= Robert de Cliderhou =

Robert de Cliderhou (d. 1339?), was a Chancery clerk and pastor who was allegedly involved in the rebellion against Edward II by Thomas, Earl of Lancaster.

==Offices held==
Cliderhou belonged to a family which had been for one or two generations settled at Clitheroe in Lancashire, and he held the manor of Bayley near that town. In 1302 some land at Aighton was conveyed to him by W. de Mitton, and in 1307 he brought an action against three brothers, Ralph, William, and Geoffrey, of Bradenull, who had assaulted him when on the king's service, and had beaten him until they left him for dead. The offenders were ordered to pay him compensation. During the reigns of Edward I and Edward II he was one of the clerks of the Chancery. When he ceased to hold that office is not stated, but from the abstract of the proceedings at his trial in 1323 (Parl. Writs, i. pt. ii. 240) we learn that he had occupied it for thirty years. In 1311 he acted as one of the itinerant justices for the counties of Kent, Surrey, and Sussex, and in the following year he was summoned, as one of the clerks of the king's counsel, to a parliament held at Lincoln. Subsequently (in 1316?) he was appointed the king's escheator north of the Trent, and seems to have retained that position for about two years.

==Support for Lancaster==
===Trial===
In 1321, at the time of the outbreak of hostilities between Thomas, Earl of Lancaster, and Edward II, Cliderhou was parson of Wigan, and seems to have been an active supporter of the earl's cause. After Lancaster's defeat and execution, the king appointed Sir Robert de Malberthorpe, Sir John Stonor, Sir Hervey de Stanton, and Robert Ayleston, as commissioners to make inquisition respecting those who had been guilty of abetting the rebellion (Rolls of Parliament, ii. 406; the matter is curiously misunderstood in Baines' 'Lancashire,' ed. John Harland, ii. 172). Cliderhou was one of those who were accused by the commissioners, and he was brought to Nottingham to take his trial at Michaelmas 1323. The charges against him were that he had preached in the church of Wigan in favour of the rebel cause, telling his parishioners that they owed allegiance to the earl, and promising absolution to all who supported him; and, further, that he had sent his son, Adam de Cliderhou, and another man-at-arms, with four footsoldiers, to join the rebel army. Cliderhou is said to have met both charges with a full denial. The jury, however, found him guilty, and he was imprisoned, but afterwards released on bail, the name of his son Adam appearing in the list of sureties. In November of the same year he presented himself for judgement, and agreed to a fine of three hundred Marks.

===Redress===
He, however, retained his benefice, and in the reign of Edward III (the date is not stated) presented a petition for redress of his grievances. He did not on this occasion deny having furnished military aid to the earl, but pleaded that in this respect he had only done what was required of him by his duty to his feudal superior. With regard to the charge of advocating rebellion in the pulpit, he asserted that he had merely exhorted the people to pray for a blessing on the earl and the other barons of the kingdom, and for the deliverance of the king from "poisonous counsel". He further stated that in order to raise money to pay the penalty imposed upon him he had had to sell his land; he had paid two hundred Marks into the exchequer, besides thirty Marks to the queen's treasury, and Sir Robert de Leyburn, the High Sheriff of Lancashire, had levied upon him the remaining hundred Marks, but had never paid over the sum into the exchequer. The answer to this petition was that as Cliderhou had voluntarily agreed to the fine ("fit fin de gre") nothing could be done.

==Later career==
In another petition in parliament (also of unknown date) Cliderhou asks that the burgesses of Wigan may be restrained from holding unlicensed markets, which competed injuriously with the market on Mondays, from which the parson was authorised by royal charter to receive tolls. It was answered that the parson had his remedy at common law.

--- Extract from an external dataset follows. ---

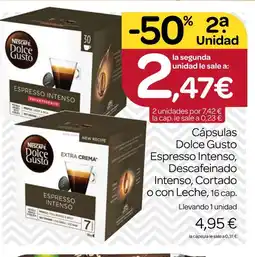 Supermercados El Jamón Cápsulas Dolce Gusto Espresso Intenso, Descafeinado Intenso, Cortado o con Leche oferta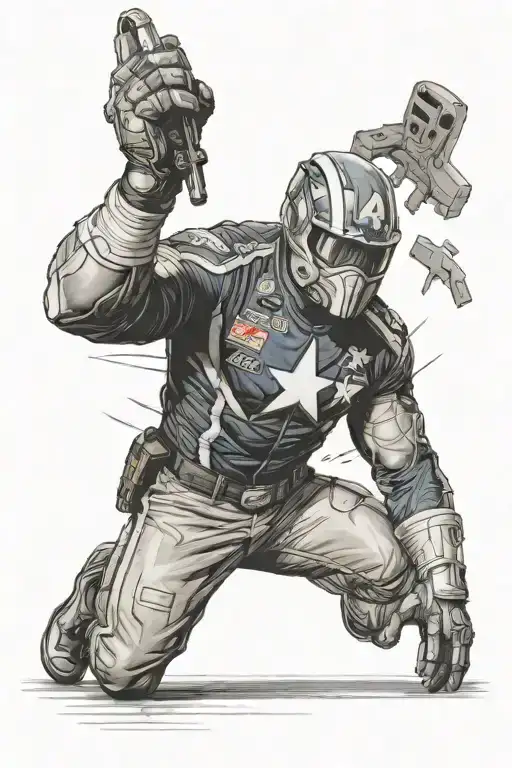 A Realistic Tattoo Of A Pitcrew Member From Nascar Wearing A Marvel Comics Superhero Costume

In 1331 he assigned to the monks of Cockersand Abbey his manor of Bayley, where he had built a chapel dedicated to St. John the Baptist. He died in or before 1339, in which year a chantry was founded at Bayley by Henry de Clyderhowe "for the repose of the soul of Robert, late rector of Wigan". Edward Foss says that in 1334 he recovered possession of some land at Clitheroe and Dinkley; but the person to whom this statement refers is another Robert de Cliderhou, who is frequently mentioned in documents belonging to the locality. As Robert was clearly a priest, it is singular that he should have had a son bearing his surname; possibly, as Foss suggests, Adam de Cliderhou may have been born before his father took orders.